• [Exercise directions]
When the line with "Plakát Plakát, Obraz - Dusseldorf color" turns up below, begin repeating exactly, and carry on through the line with "Self Love Quote Overlays Vol 2"; no pictures go into the copy.

• [Exercise input]
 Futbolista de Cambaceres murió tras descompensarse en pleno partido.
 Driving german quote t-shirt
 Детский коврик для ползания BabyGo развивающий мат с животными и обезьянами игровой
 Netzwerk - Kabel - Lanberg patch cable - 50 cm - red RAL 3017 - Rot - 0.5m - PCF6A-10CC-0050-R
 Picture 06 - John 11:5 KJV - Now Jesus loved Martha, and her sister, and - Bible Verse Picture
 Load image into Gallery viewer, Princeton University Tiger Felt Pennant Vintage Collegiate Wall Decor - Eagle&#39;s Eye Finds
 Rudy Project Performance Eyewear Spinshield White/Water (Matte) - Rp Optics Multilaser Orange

---

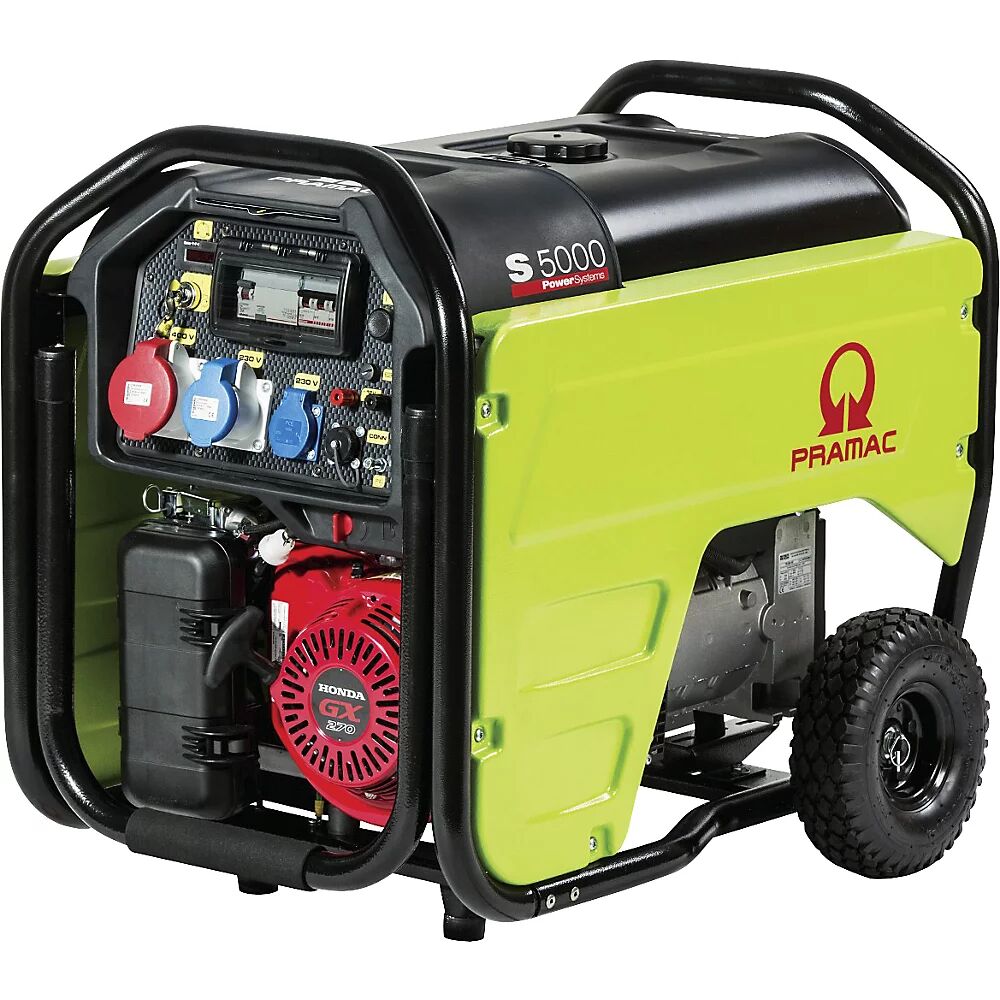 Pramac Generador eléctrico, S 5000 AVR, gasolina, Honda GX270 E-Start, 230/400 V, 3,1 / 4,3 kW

...

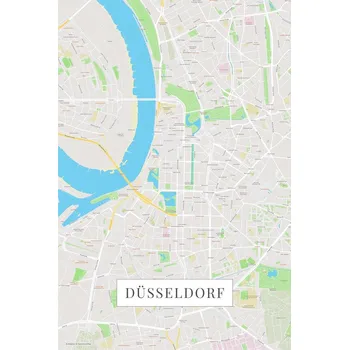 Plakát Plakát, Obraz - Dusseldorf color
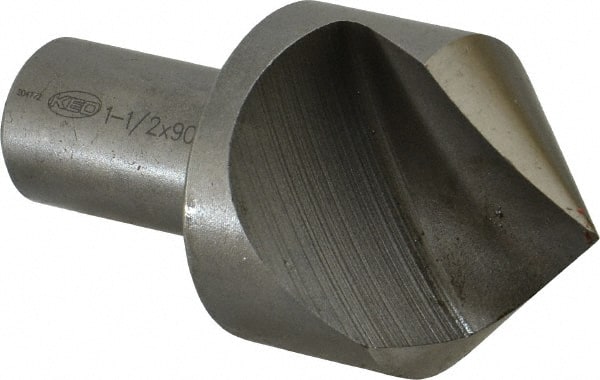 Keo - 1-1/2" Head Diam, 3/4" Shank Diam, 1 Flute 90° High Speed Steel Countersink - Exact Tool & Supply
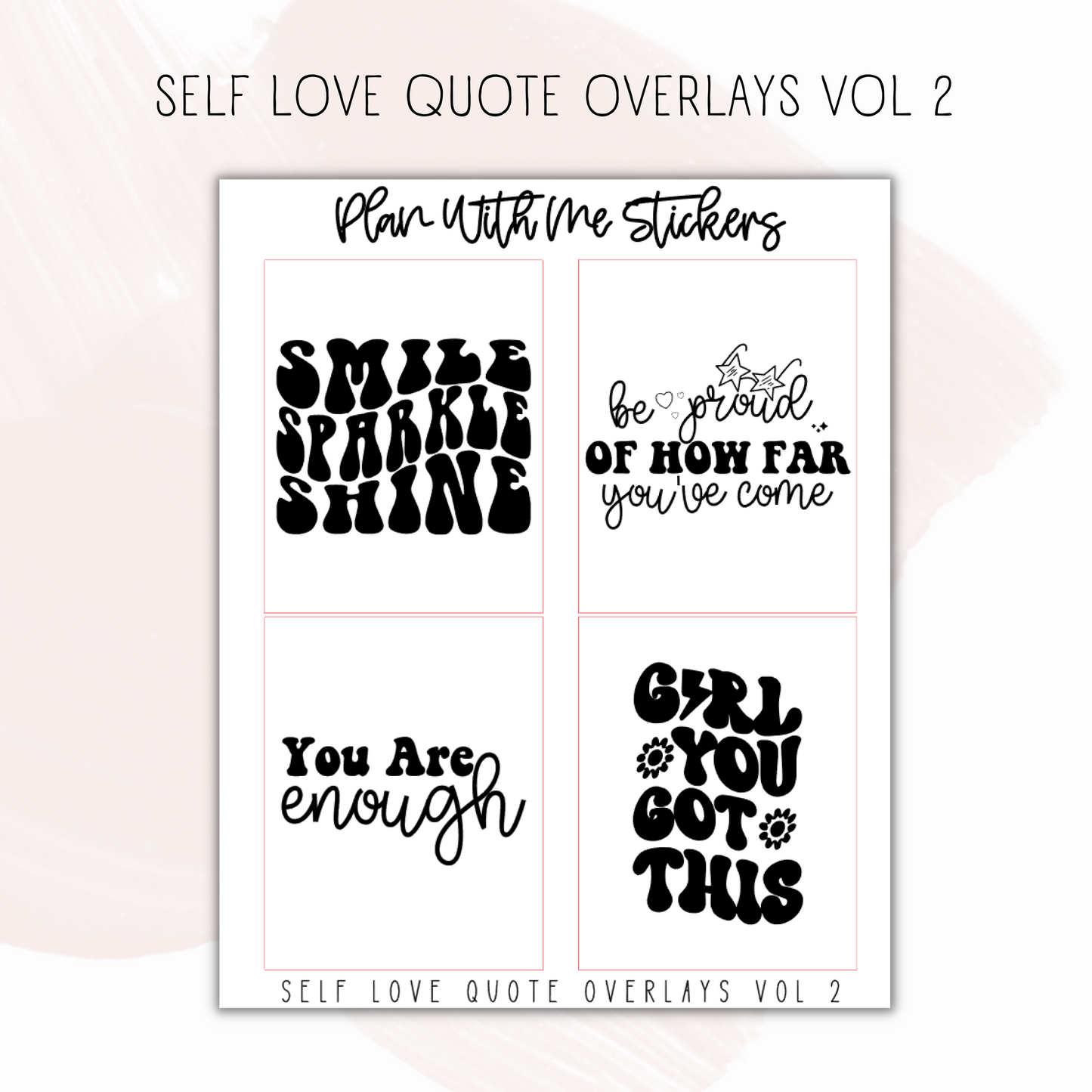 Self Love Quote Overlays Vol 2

• [Task response]
 Plakát Plakát, Obraz - Dusseldorf color
 Keo - 1-1/2" Head Diam, 3/4" Shank Diam, 1 Flute 90° High Speed Steel Countersink - Exact Tool & Supply
 Self Love Quote Overlays Vol 2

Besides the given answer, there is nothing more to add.